Kulturelle Unterschiede Schweden

iStock 000017383177XSmall 300x204 1

Die geografische Nähe zu Schweden verführt viele dazu, kulturelle Unterschiede zu unterschätzen. Schweden ist ein modernes westliches Land, eine Demokratie, marktwirtschaftlich und verfügt über viele international erfolgreiche Unternehmen. Da kann es doch eigentlich nicht so viele Unterschiede geben. Aber doch, es kann: Sowohl deutsche als auch schwedische Unternehmen sind international erfolgreich, aber ihr Weg zum Erfolg ist unterschiedlich. Denn bedingt durch verschiedene Lebensbedingungen in Vergangenheit und Gegenwart unterscheiden sich Wertvorstellungen und Lösungsansätze in der Gesellschaft – und natürlich in den Unternehmen.

Andere Werte, andere Verhaltensweisen

Deutsche lernen zum Beispiel Werte wie Pünktlichkeit, Ordnung, Sauberkeit, Disziplin und Pflichtbewusstsein.
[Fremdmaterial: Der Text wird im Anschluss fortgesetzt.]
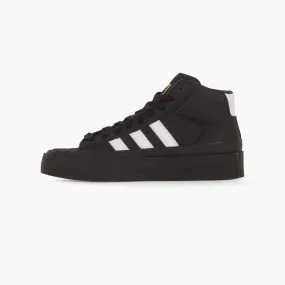 adidas Originals by 424 Pro Model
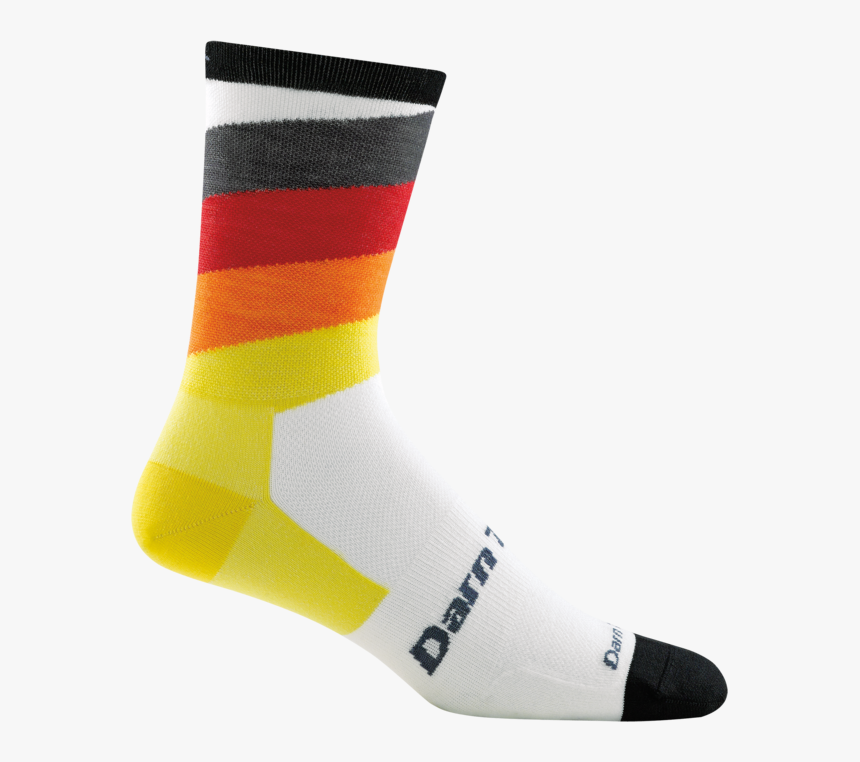 Sock, HD Png Download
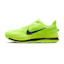 Nike Pegasus Premium Herren Neongelb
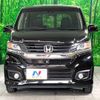 honda n-wgn 2015 -HONDA--N WGN DBA-JH1--JH1-1104164---HONDA--N WGN DBA-JH1--JH1-1104164- image 15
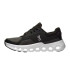 Sapatilhas Running Running Mulher de On Cloudrunner 2 Eclipse/Preto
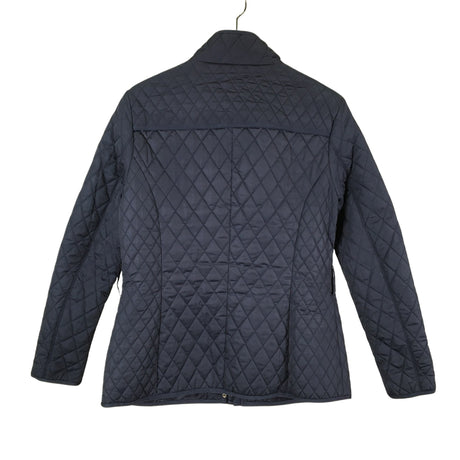 Unisex Esprit - Tikkitakki, koko 40 -  (2)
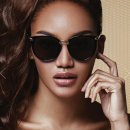 끌림안경(초지점) 이미지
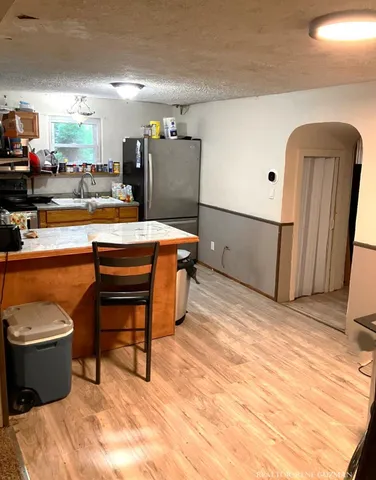 $150,000 | 1420 Reo Road, Lansing, MI 48910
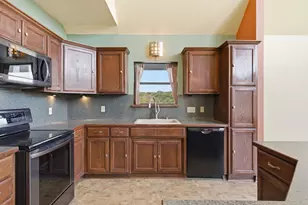 3550 Beacon Lake Dr, Bluff Dale, TX 76433 - Photo 13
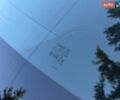 Красный Субару Аутбек, объемом двигателя 2.5 л и пробегом 125 тыс. км за 17999 $, фото 37 на Automoto.ua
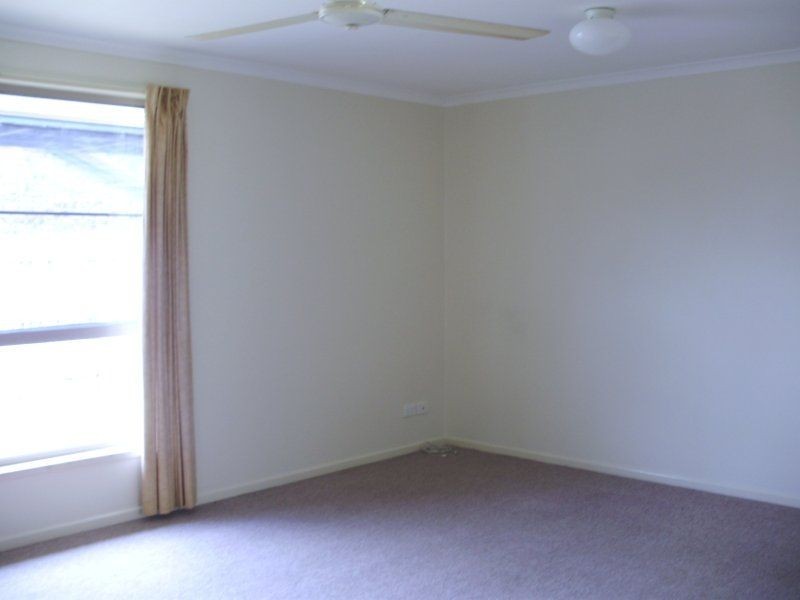 11 Cordia Street, Currimundi QLD 4551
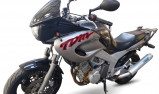 YAMAHA TDM 850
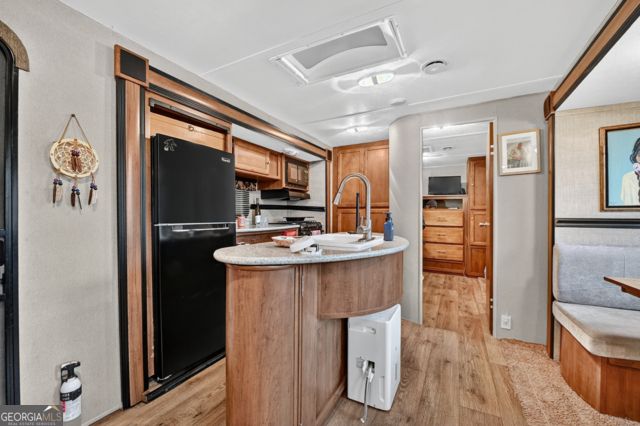 44 11th Street, Ellijay, GA 30540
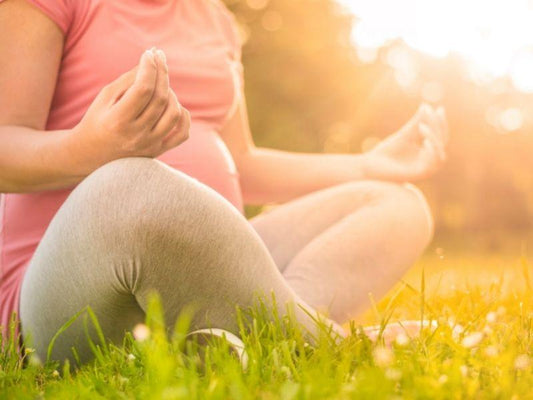 Why and How to Add Probiotics to Your Lifestyle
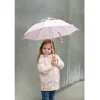Paraguas Mrs. Rabbit
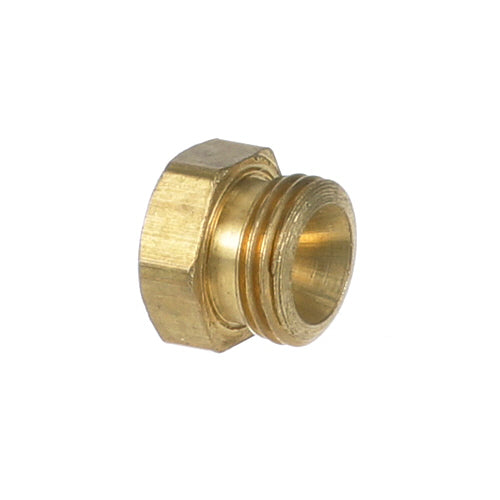 Picture of Orifice (40) for Franke Part# 620418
Wir lernen einen höflichen Umgang und feste gesellschaftliche Normen, lernen uns zu behaupten und uns trotz harter Konkurrenz durchzusetzen. Ob Schule, berufliche Ausbildung, die deutsche Geschäftskultur oder die Gesellschaft insgesamt – überall gilt: der Beste gewinnt. Deutschland ist tendenziell eliteorientiert. Als Schutzmechanismus gegen diesen starken Leistungsdruck vermeiden Deutsche gerne Unsicherheit, etwa indem sie bis ins Detail planen und organisieren – dabei häufig den unternehmerischen Hierarchien folgend – alles schriftlich oder vertraglich fixieren.

Schweden lernen andere Dinge. Sie lernen zum Beispiel, dass jeder Mensch gleich (gut) ist. Schweden lernen, dass Demut auch in Ausbildung, Gesellschaft und Wirtschaft positiv ist. Sie lernen, dass es gut ist, umsichtig, rücksichtsvoll und wohlwollend miteinander umzugehen. Schweden wachsen unter einem geringeren Zeit- und Leistungsdruck auf. Vieles wird nicht verbissen, sondern stattdessen mit Gelassenheit gesehen.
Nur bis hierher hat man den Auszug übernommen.